PhD supervisor : Claire Rampon & Marie-Christine Miquel – CRCA

PhD co-supervisor : Kevin Richetin – CHUV Lausanne, Swiss

 

The maintenance of healthy mitochondria is critical for brain functions throughout adult life. Aging is associated with a decrease in mitochondrial quality, the decline of biological functions and the development of several diseases. 
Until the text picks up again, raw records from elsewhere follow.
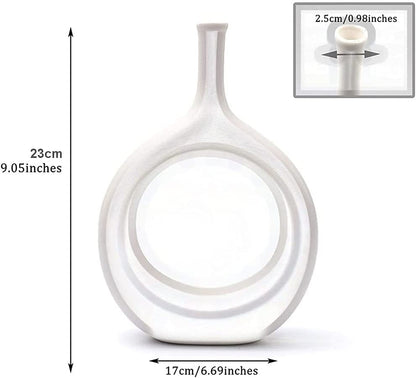 Ceramic Oval Geometric Vase, White, 11"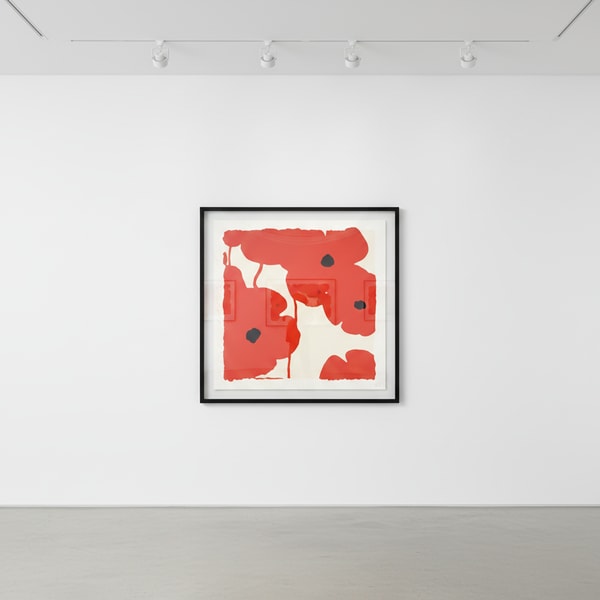 Donald Sultan - Red Poppies, Sept 7, 2022, Color Silkscreen with enamel inks, flocking, and tar-like texture on Rising 2-p...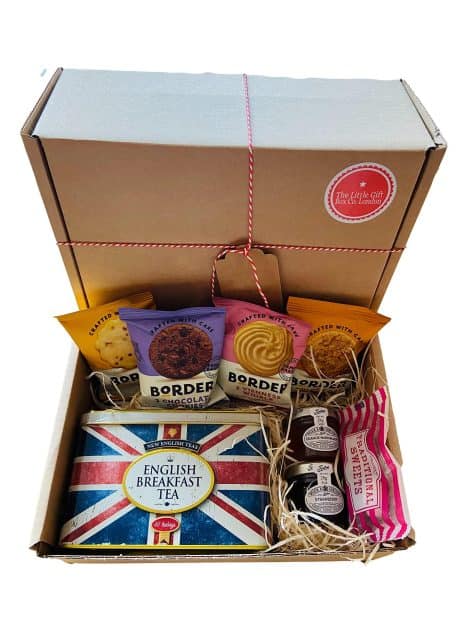 Luxurious British Tea Gift Set in a Hamper Box with Biscuits, English Breakfast Tea, Union Jack Tin, Jam, and Marmalade. Perfect present for gentlemen, fathers or grandfathers. Celebrate the Jubilee.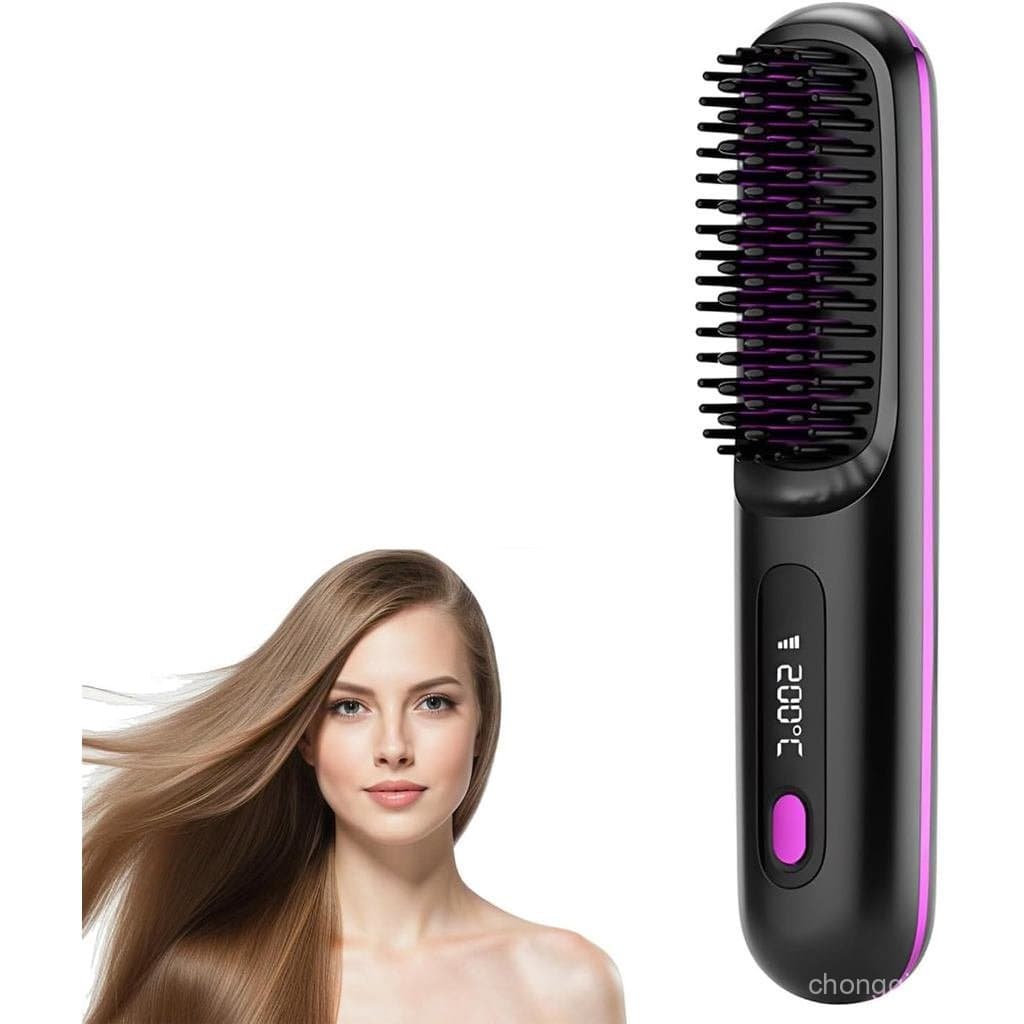 Go Brush Pro, Escova Alisadora de Cabelo com Aquecimento Rápido para Cabelos Cacheados, Escova Alisadora Sem Fio com Dis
In the mammalian brain, considerable evidence shows that mitochondrial dysfunction occurs early and contributes to the loss of synaptic function and plasticity. In this context, the two research groups involved in this project (CNRS UNIV. Toulouse 3 and CHUV Lausanne, Switzerland) recently demonstrated that mitochondrial disorders play a primordial role in hippocampal function and memory performances during Alzheimer’s disease. However, it remains unclear how aging per se affects mitochondrial dynamics and functions in the hippocampus and whether mitochondrial defects are causal in neuronal dysfunction.

This project aims to understand the importance of mitochondria in cognition during healthy and pathological aging. Through access to primate and human brain biobanks (K Richetin) combined with the manipulation of mitochondrial dynamics targeting hippocampal neural cell populations in mice (MC Miquel/ C Rampon), we will seek for new crucial information linking mitochondria to brain plasticity and cognitive functions throughout aging. We expect that this study will shed light on an unexplored aspect of cognitive diseases, possibly leading to novel diagnostic approaches.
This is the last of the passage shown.